Miles Davis peut être crédité pour la bosse de Carter dans la popularité, comme il était la personne qui a recommandé à Ray Charles qu’il prenne Carter sous son aile. Carter commence à tourner avec Charles en 1960, puis fait un enregistrement de duos avec lui en 1961 ([1] Ray Charles et Betty Carter), dont le R&B  » Baby, It’s Cold Outside « , qui lui apporte une certaine reconnaissance populaire. En 1963, elle part en tournée au Japon avec Sonny Rollins . Elle a enregistré pour divers labels durant cette période, dont ABC-Paramount, Atco et United Artists, mais elle était rarement satisfaite du produit final. Après trois ans de tournée avec Charles et un total de deux enregistrements ensemble,[20] Carter a fait une pause de l’enregistrement pour se marier. Elle et son mari ont eu deux enfants.
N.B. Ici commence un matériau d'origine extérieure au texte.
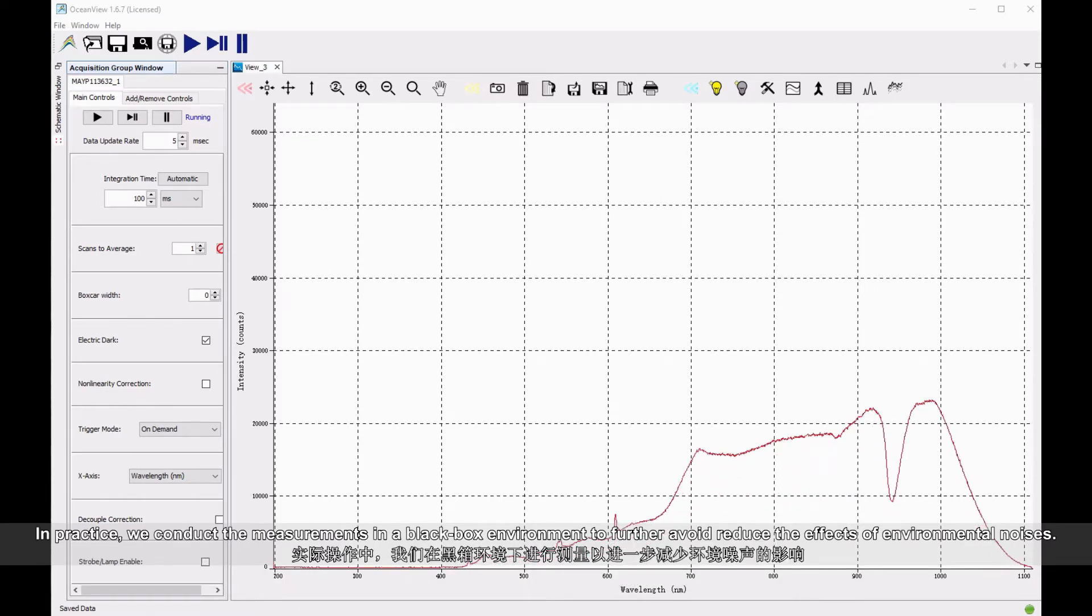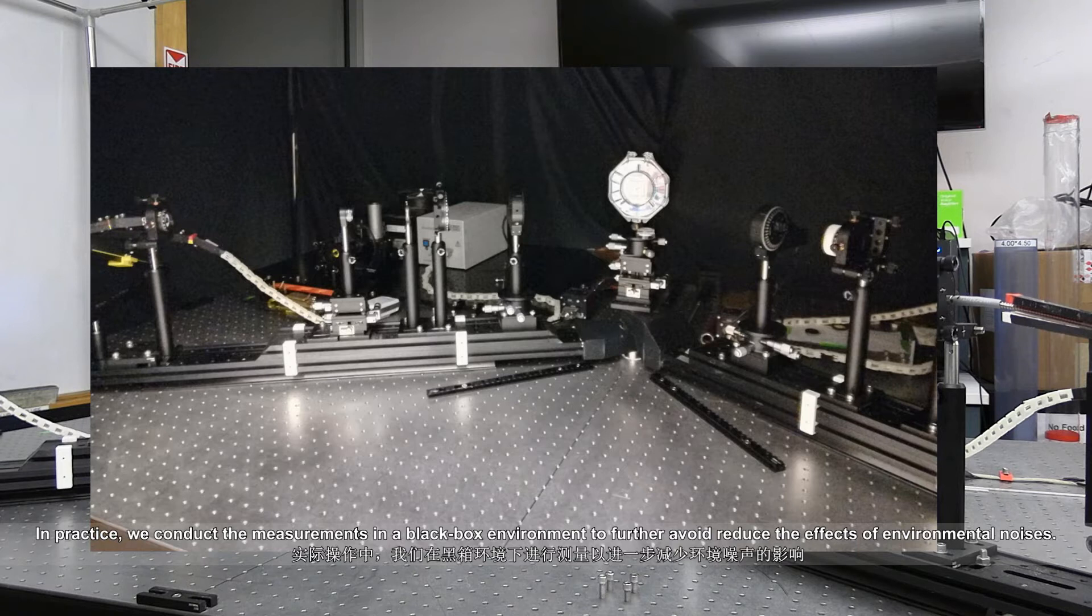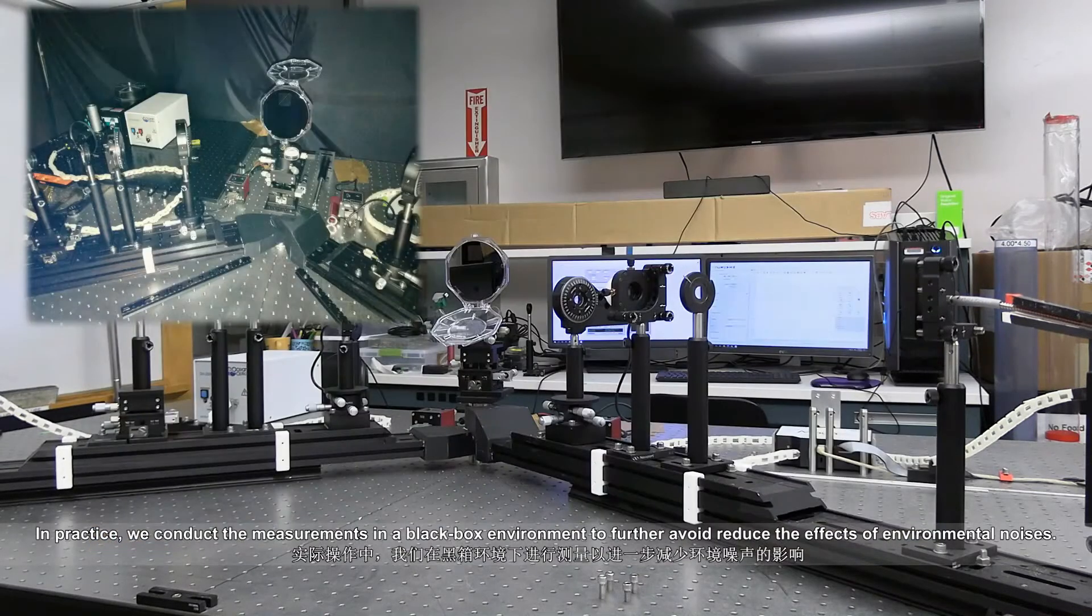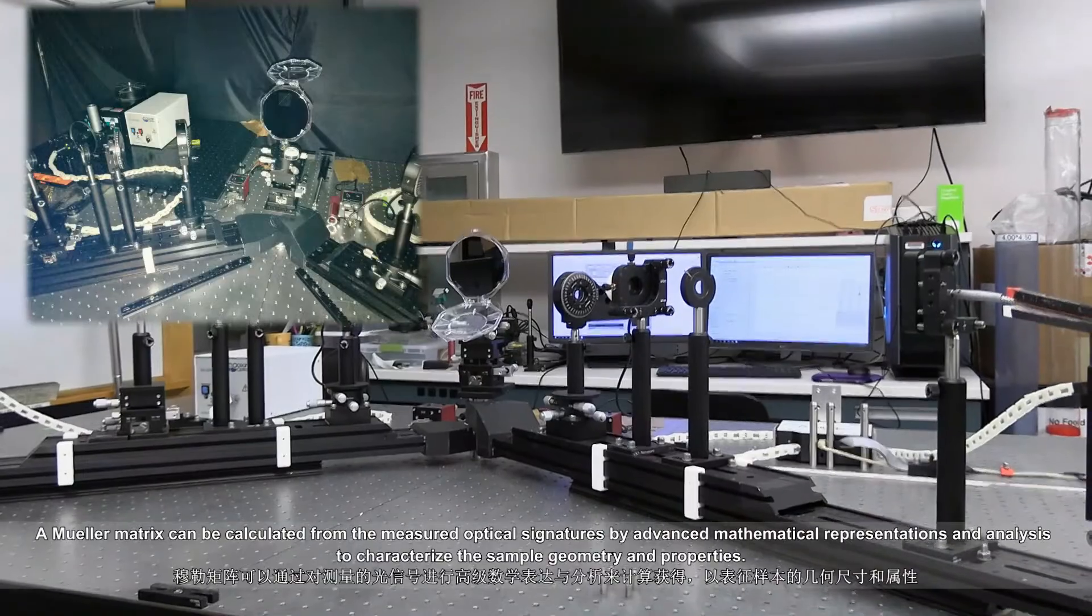In practice, we conduct the measurements in a black box environment to further reduce the effects of environmental noises.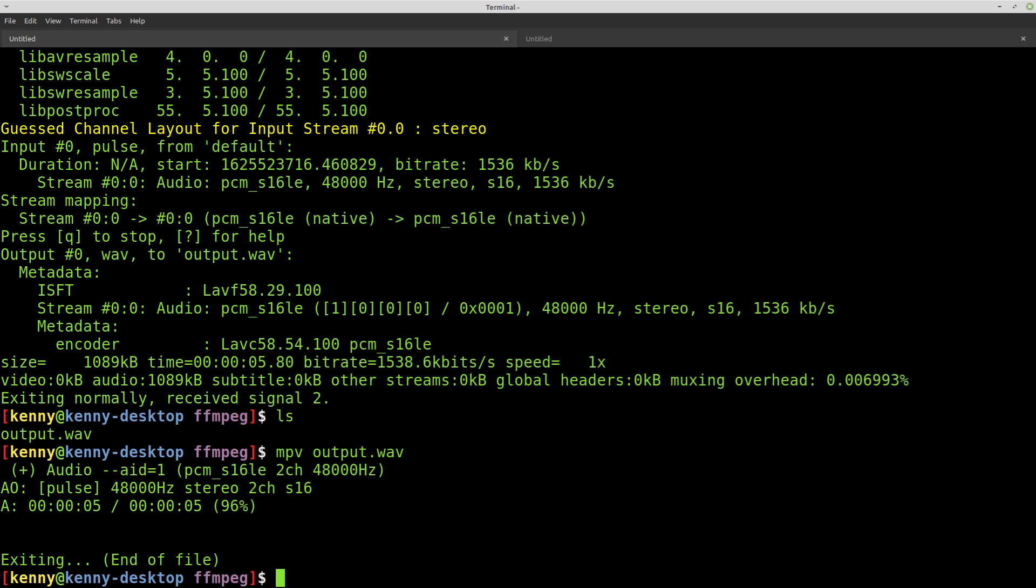FFmpeg should be on most distros, but you might not have it. And maybe you want to be super minimalist and not install another package. So A-Record is another option. This is most likely on your distro already. So the syntax will be A-Record. Actually, let me do this. So we're just at the top of the screen.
Cependant, elle a continué à jouer, ne voulant pas dépendre du soutien financier de son mari. [21]


Divers

Les années 1960 sont devenues une période de plus en plus difficile pour Carter alors qu’elle commençait à glisser dans la gloire, refusant de chanter de la musique pop contemporaine, et sa jeunesse s’estompe. Carter avait presque quarante ans, ce qui à l’époque n’était pas propice à une carrière aux yeux du public. Le rock and roll, comme la pop, devenait de plus en plus populaire et procurait de l’argent aux maisons de disques et aux maisons de disques[22]. Carter a dû travailler extrêmement dur pour continuer à donner des concerts à cause du déclin du jazz. Son mariage commençait aussi à s’écrouler. En 1971, Carter était célibataire[24] et jouait principalement en concert avec un petit groupe composé uniquement d’un piano, d’une batterie et d’une basse. Le trio Betty Carter est l’un des rares groupes de jazz à avoir continué à donner des concerts à la fin des années 1960 et au début des années 1970. [23]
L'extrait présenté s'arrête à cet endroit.